Я тогда спросил у него: кто ему больше нравится — русский ли учитель или молодой чиновник нового поколения, честный, скромный, трудолюбивый, но безличный, живущий последними модными мыслями Запада; человек, которого по образу жизни, по манерам, по разговору, одежде, симпатиям можно отнести к буржуазии всякого народа, — или же...
Тут я указал молдавану на одного придунайского старообрядца, старца в высшей степени замечательного по личному своеобразному характеру своему, по политическому влиянию и, наконец, потому, что, вращаясь во всех возможных слоях общества, вступая в течение долгой своей жизни в сношения с людьми высшего круга различных наций, он остался верен своему русскому старообрядчеству во всем, начиная от рубашки навыпуск и кончая отречением от табаку и чая.
Молдаван сказал, что он, конечно, предпочитает первого русского второму.
— После этого разговор между нами невозможен, — отвечал я. — Чтобы вы могли понять меня, вам надо забыть все, что вы знали, и слушать меня долго и часто, увлекаясь не желанием переспорить, а жаждой понять...
Молодые люди молча подивились моим претензиям, и мы Расстались.
Я рассказал о греках и молдаванах; я мог бы рассказать тоже о болгарах и, вероятно, о сербах, которых, впрочем, я знаю меньше.

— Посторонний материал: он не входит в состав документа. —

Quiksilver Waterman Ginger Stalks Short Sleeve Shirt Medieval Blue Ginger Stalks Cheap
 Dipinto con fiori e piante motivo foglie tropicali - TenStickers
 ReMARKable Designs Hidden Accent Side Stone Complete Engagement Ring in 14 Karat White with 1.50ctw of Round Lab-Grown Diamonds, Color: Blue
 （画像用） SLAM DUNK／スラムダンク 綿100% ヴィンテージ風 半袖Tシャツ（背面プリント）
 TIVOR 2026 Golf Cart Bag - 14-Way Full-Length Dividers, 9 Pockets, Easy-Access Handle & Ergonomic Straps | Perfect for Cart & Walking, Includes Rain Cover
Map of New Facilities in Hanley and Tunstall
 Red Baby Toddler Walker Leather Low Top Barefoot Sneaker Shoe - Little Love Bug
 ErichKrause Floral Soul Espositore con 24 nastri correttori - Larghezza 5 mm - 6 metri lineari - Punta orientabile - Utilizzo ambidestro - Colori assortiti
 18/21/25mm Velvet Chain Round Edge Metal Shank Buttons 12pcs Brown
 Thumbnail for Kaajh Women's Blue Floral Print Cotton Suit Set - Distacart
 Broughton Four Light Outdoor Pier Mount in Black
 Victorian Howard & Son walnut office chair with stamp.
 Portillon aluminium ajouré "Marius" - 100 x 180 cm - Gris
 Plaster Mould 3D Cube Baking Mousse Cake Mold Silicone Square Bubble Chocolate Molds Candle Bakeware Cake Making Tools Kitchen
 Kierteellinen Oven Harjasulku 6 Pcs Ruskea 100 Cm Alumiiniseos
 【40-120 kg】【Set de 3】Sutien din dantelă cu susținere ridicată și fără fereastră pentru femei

Все единоплеменники и единоверцы наши ценят нас настолько, насколько мы — европейцы: им и в голову не приходит ценить в нас то, что в нас собственно русское.
Те из них, которые расположены политически к нам, ценят в нас: во 1-х, православное или славянское государство с миллионом штыков; во 2-х, по-европейски воспитанных светских людей, которые шириной своей образованности, по словам самих европейцев, превосходят многих; в 3-х, наши военные способности; в 4-х, они ценят чрезвычайно высоко, в один голос с европейцами, наши дипломатические способности и дальновидную глубину нашей политики. (Правы ли они или нет, не знаю!)
Наконец, они признают все «свободолюбие» и всю серьезность реформ, предпринятых нынешним правительством нашим.
Но что такое наш народ? Что такое эта масса, этот океан, который они считают безгласным и бессмысленным, потому что он чужд мелочным и сухим демагогическим движениям? Этого они не знают и не могут узнать, пока мы сами еще немногим в этом отношении стоим выше их.
Некоторые из славян и греков, с которыми я говорил об этих предметах, считали меня каким-то демократом; им это простительно, но как простить русских, которые до сих пор не понимают, что здесь дело о народном, а не просто-народном.
Будь наше высшее общество своеобразнее нашего народа, надо было бы предпочесть его дух, его образцы, его обычаи, его идеалы, а не простонародные.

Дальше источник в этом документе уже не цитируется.